Records for the exercise –
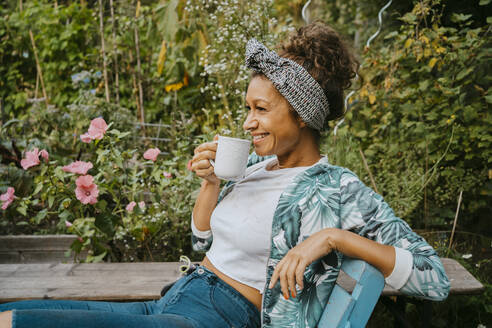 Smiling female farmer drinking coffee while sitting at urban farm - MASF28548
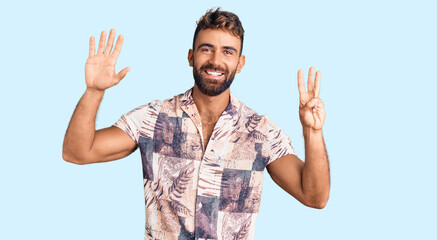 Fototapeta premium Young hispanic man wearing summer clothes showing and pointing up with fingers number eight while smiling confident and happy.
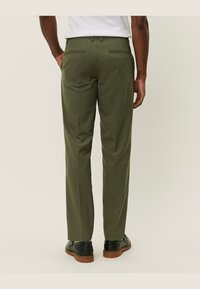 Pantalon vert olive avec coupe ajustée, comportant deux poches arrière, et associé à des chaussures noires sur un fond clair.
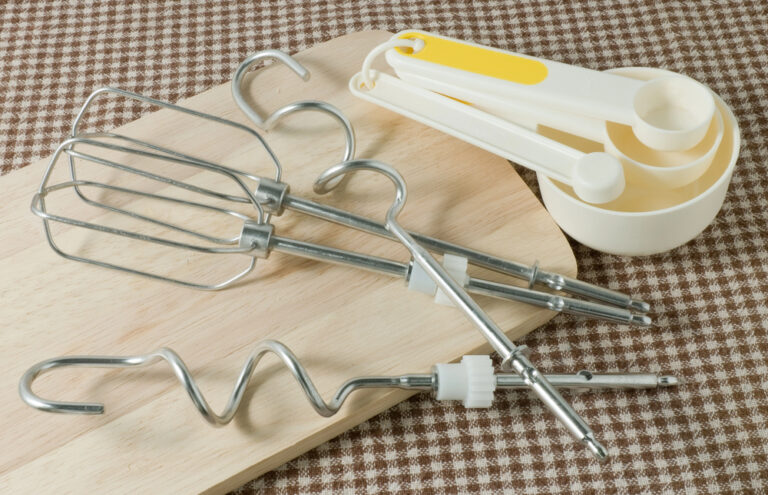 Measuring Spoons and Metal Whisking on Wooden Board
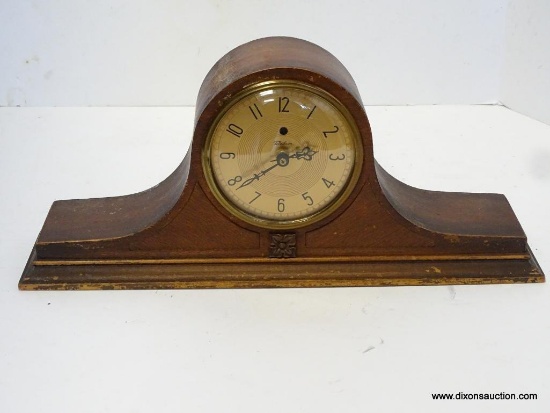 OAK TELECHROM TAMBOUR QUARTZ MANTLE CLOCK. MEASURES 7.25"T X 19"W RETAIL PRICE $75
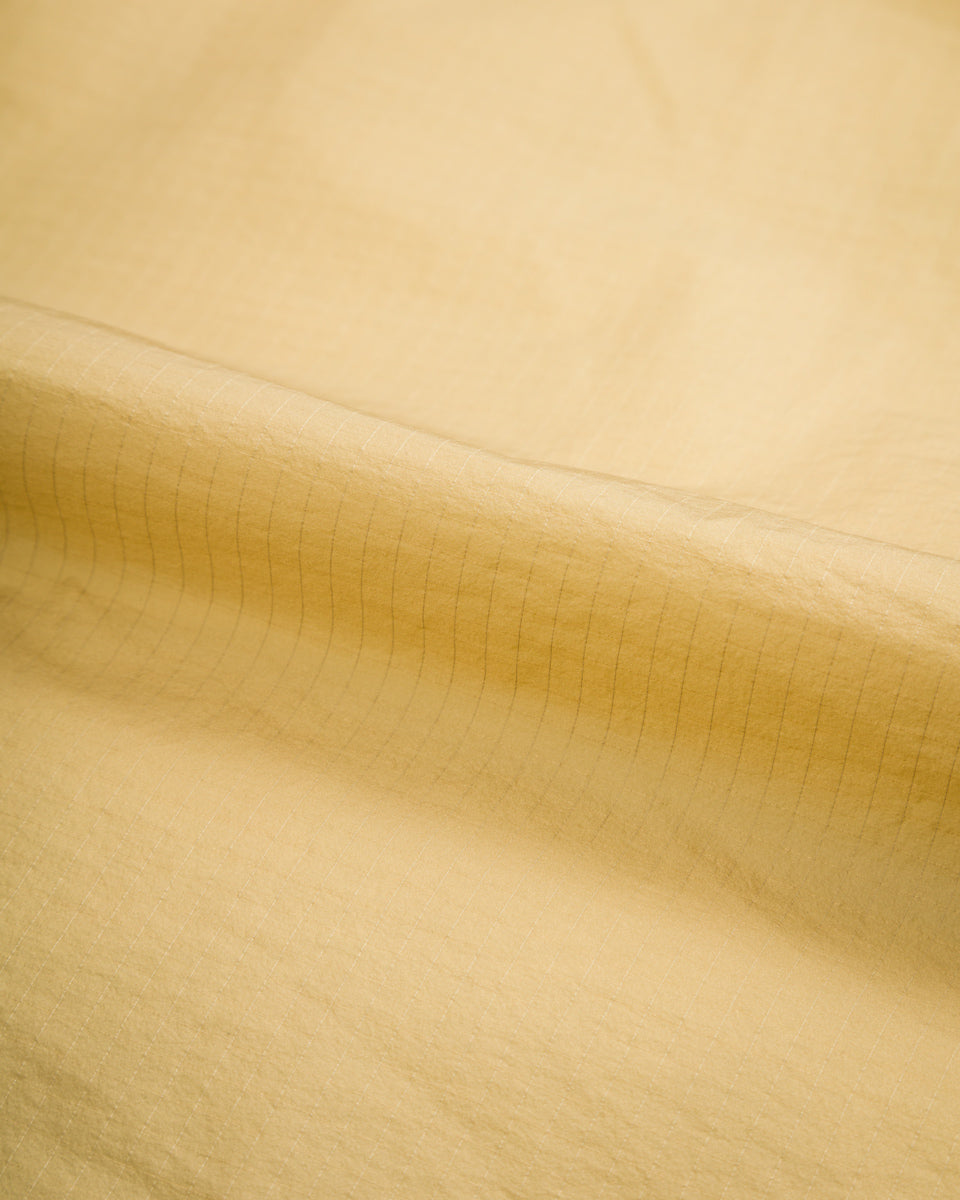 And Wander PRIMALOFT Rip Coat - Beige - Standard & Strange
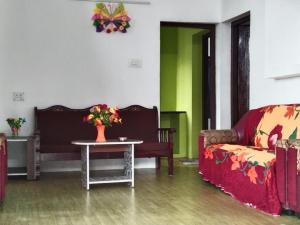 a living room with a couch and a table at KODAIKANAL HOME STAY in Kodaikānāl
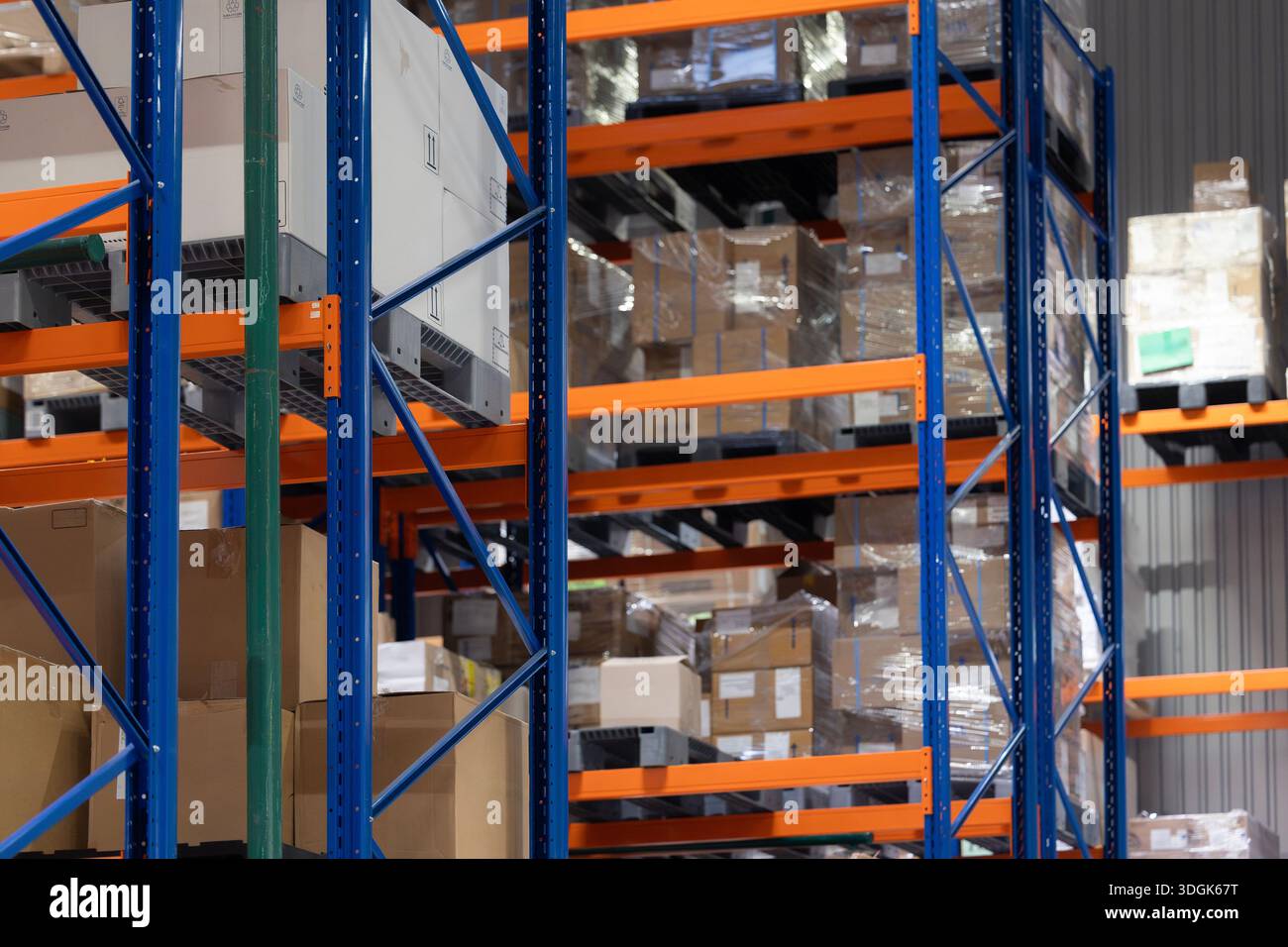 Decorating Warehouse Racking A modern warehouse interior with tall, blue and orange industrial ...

Work instruction – Take the entries above and restate them word for word, minus their images.

Exercise response –
 Smiling female farmer drinking coffee while sitting at urban farm - MASF28548
 Fototapeta premium Young hispanic man wearing summer clothes showing and pointing up with fingers number eight while smiling confident and happy.
 Pantalon vert olive avec coupe ajustée, comportant deux poches arrière, et associé à des chaussures noires sur un fond clair.
 Measuring Spoons and Metal Whisking on Wooden Board
 OAK TELECHROM TAMBOUR QUARTZ MANTLE CLOCK. MEASURES 7.25"T X 19"W RETAIL PRICE $75
 And Wander PRIMALOFT Rip Coat - Beige - Standard & Strange
 a living room with a couch and a table at KODAIKANAL HOME STAY in Kodaikānāl
 Decorating Warehouse Racking A modern warehouse interior with tall, blue and orange industrial ...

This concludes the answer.